[Collected data entries]
----------

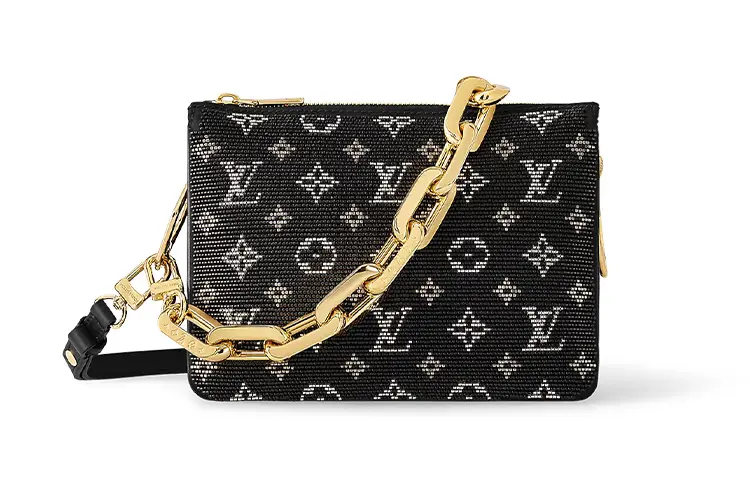 LOUIS VUITTON Coussin Crossbody Bags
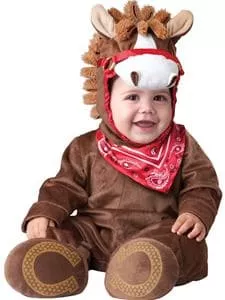 50+ Costume Ideas for Baby's First Halloween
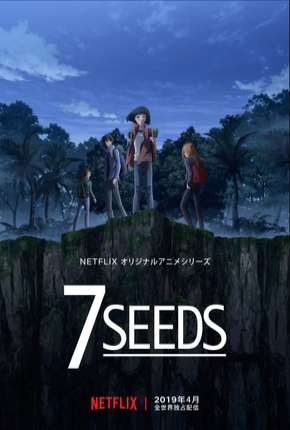 7 Seeds - 1ª Temporada 2019 Torrent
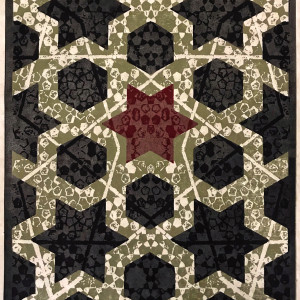 "Red Star" by John McCaskill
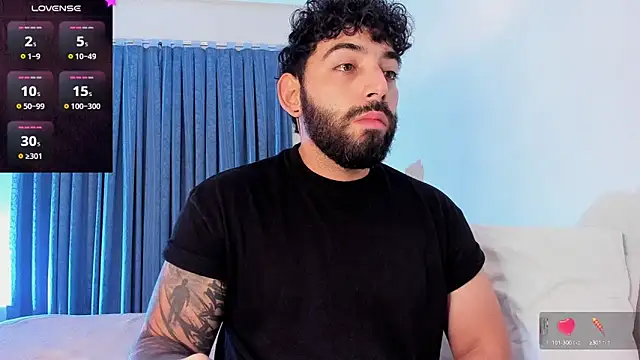 leo thewolf  online show from October 15, 2025, 9:48 pm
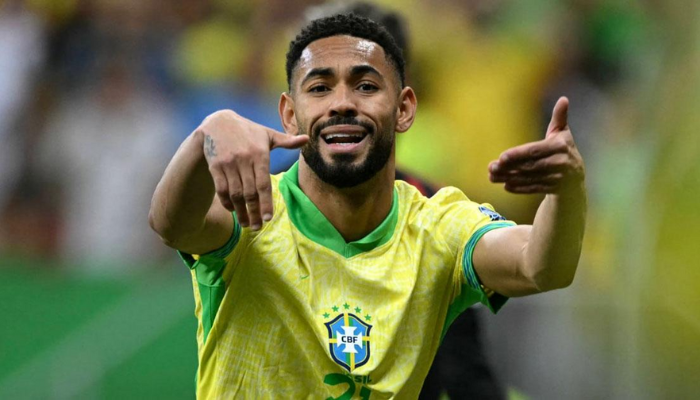 มาเตอุส กุนญ่า กองหน้า หนุนอันเชล็อตติ พา “แซมบ้า” แสดงบนเวทีโลก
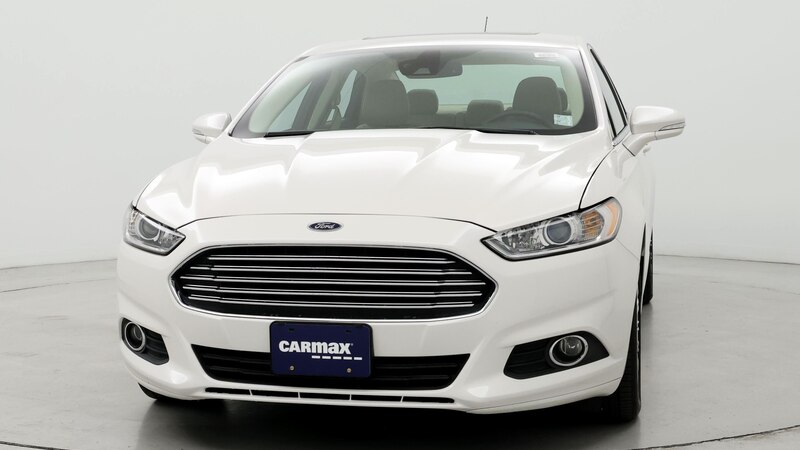 2014 Ford Fusion SE 6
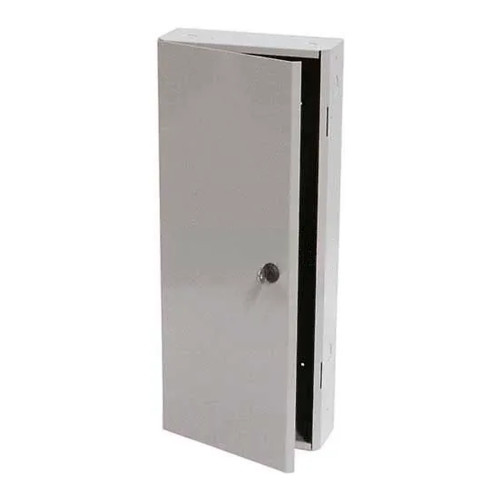NEMA 1 Steel Enclosure with 4 x 24 in. Track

----------

▶ **What you have to do**: The records above are to be set down exactly as written, with no images.

▶ **Response area**:
 LOUIS VUITTON Coussin Crossbody Bags
 50+ Costume Ideas for Baby's First Halloween
 7 Seeds - 1ª Temporada 2019 Torrent
 "Red Star" by John McCaskill
 leo thewolf  online show from October 15, 2025, 9:48 pm
 มาเตอุส กุนญ่า กองหน้า หนุนอันเชล็อตติ พา “แซมบ้า” แสดงบนเวทีโลก
 2014 Ford Fusion SE 6
NEMA 1 Steel Enclosure with 4 x 24 in. Track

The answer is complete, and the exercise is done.